* [Aim of the task]
Reproduce the entries exactly, but keep the pictures out of the copy.

* [Provided data]
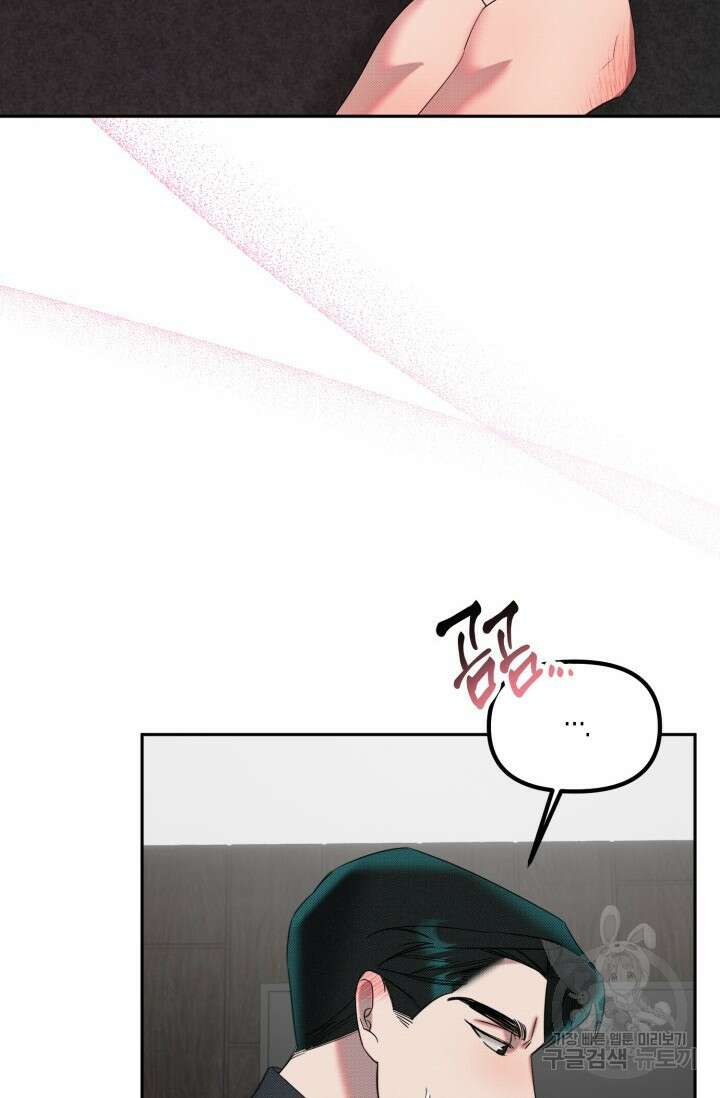 Damm, Dirty, Dumm(댐 더티 덤) 외전 4화 16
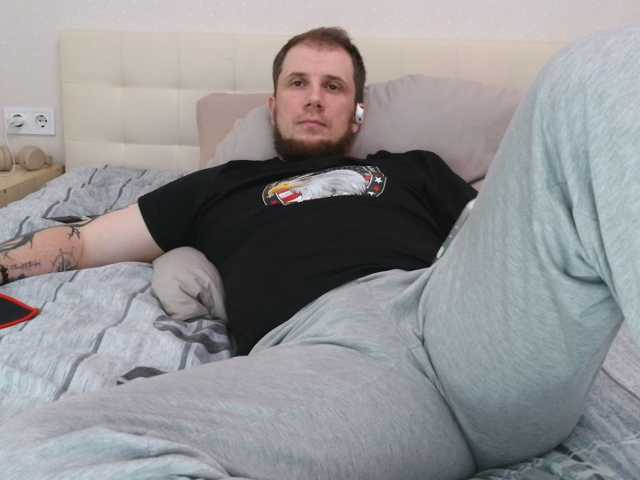 Niikhard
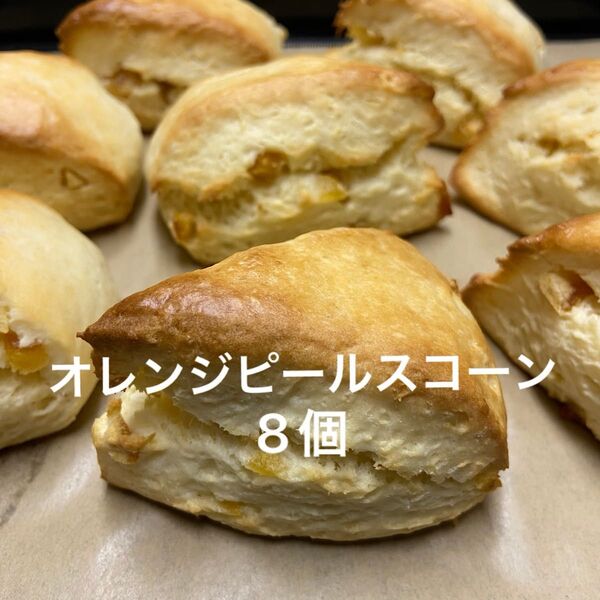 オレンジピールスコーン 8個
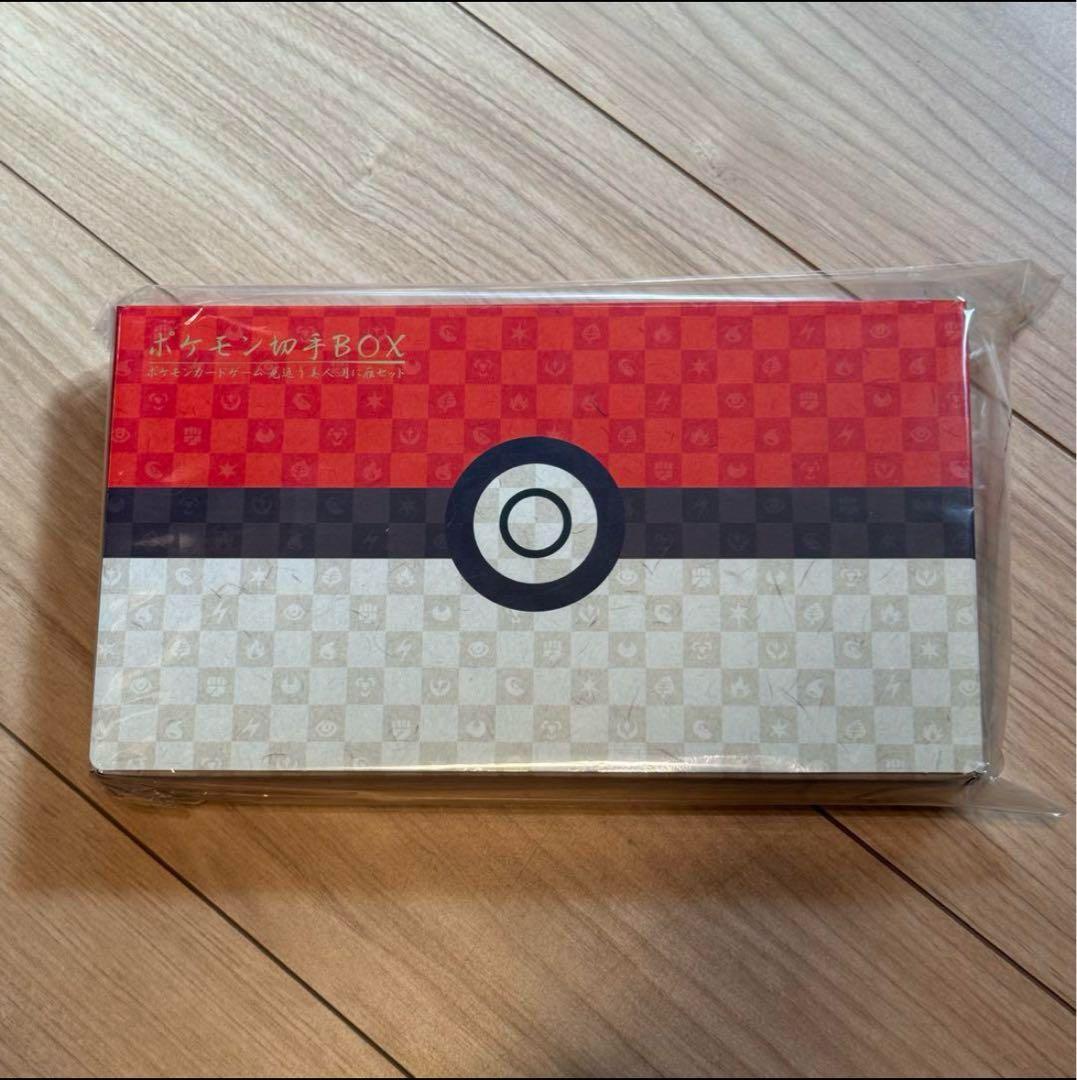 ポケモンカードゲーム 切手BOX 見返り美人・月に雁セット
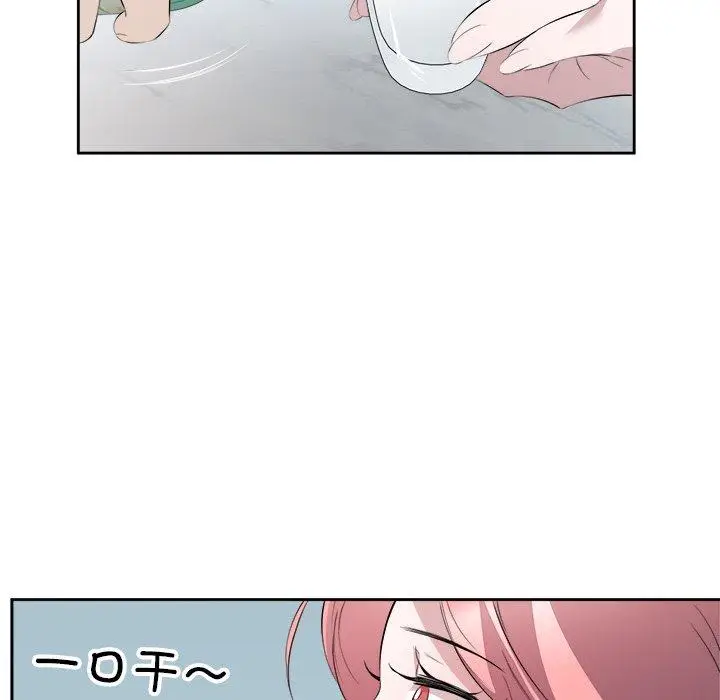 14 回归单身的继女_回归单身的继女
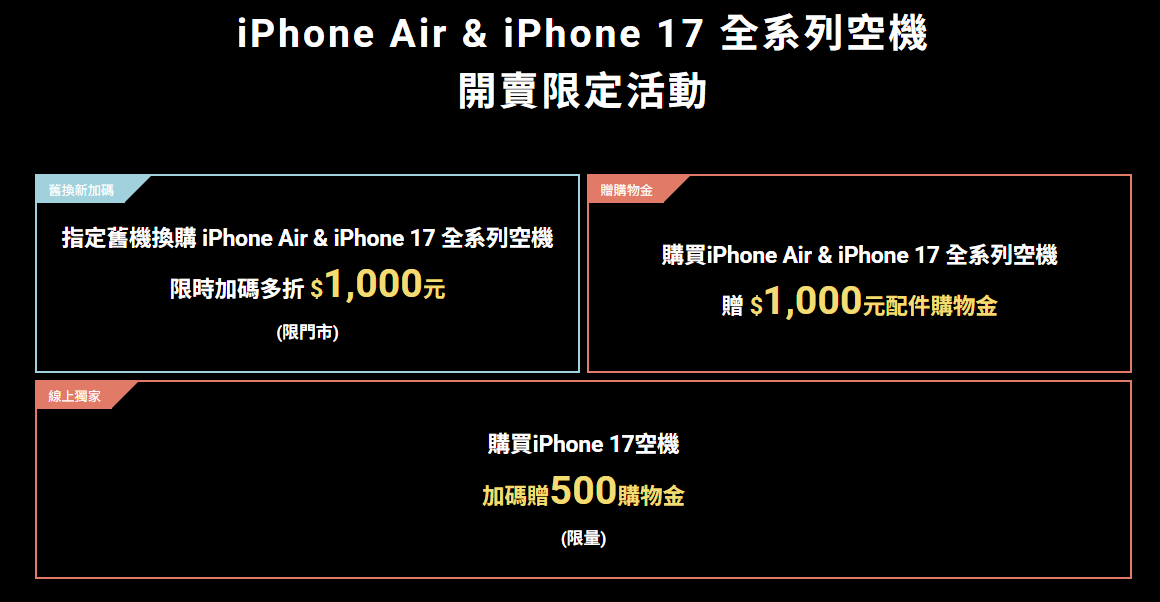 買iPhone17到遠傳有現貨!搭配 imos 配件最高現省 1500 元 - 電腦王阿達 買iPhone17到遠傳有現貨!搭配 imos 配件最高現省 1500 元 - 電腦王阿達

* [Written answer]
 Damm, Dirty, Dumm(댐 더티 덤) 외전 4화 16
 Niikhard
 オレンジピールスコーン 8個
 ポケモンカードゲーム 切手BOX 見返り美人・月に雁セット
 14 回归单身的继女_回归单身的继女
 買iPhone17到遠傳有現貨!搭配 imos 配件最高現省 1500 元 - 電腦王阿達 買iPhone17到遠傳有現貨!搭配 imos 配件最高現省 1500 元 - 電腦王阿達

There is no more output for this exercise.